Thanks, could you please also add tests for this functionality?
well, i didn't write the original patch, and i have little familiarity with django development, let alone xapian or xapian-haystack...
where would i begin?
honestly, looking at the current test suite, it's going to be really hard for me to figure out what to do. i don't see anywhere where problematic corpus can be added, and even if there would be, i don't even know what our problematic corpus is.
part of the problem is this bug doesn't seem to have been properly reported against xapian-haystack. or, more accurately, all related reports were closed (#153, #77)...
I came from https://gitlab.com/mailman/hyperkitty/-/issues/408, which refered to those issues and the pull request in #181. I only submitted this PR because I was requested to rebase in #181, I didn't expect to be onboarded into writing unit tests here. :)
That said, it looks like indexing a simple 255+ character string is enough to trigger the bug.
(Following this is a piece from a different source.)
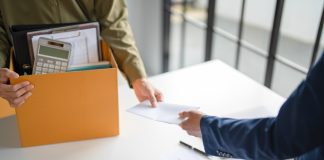 Consequences continue for Flutter in India Person handed notice carrying box of belongings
In https://gitlab.com/mailman/hyperkitty/-/issues/408#note_1470192180, the following string is given as an example:
'#696969':'dimgray','#696969':'dimgrey','#1e90ff':'dodgerblue','#b22222':'firebrick','#fffaf0':'floralwhite','#228b22':'forestgreen',
I suspect this would be enough:
'x' * 255
but i don't know where to plug this...
Maybe @doctormo or any other follower could help with creating a test?
i mentioned it on hyperkitty's side too, i'm kind of hoping @msapiro will jump in to save the day again ;)
Actually, what's the situation here? The bugfix won't be accepted unless there are unit tests, even though it fixes real-world problems?
That would be quite inconvenient... :)
Just ran into this myself when indexing mailing lists with long lines/urls/... A fix for it would be really nice, and this solution looks sensible to me.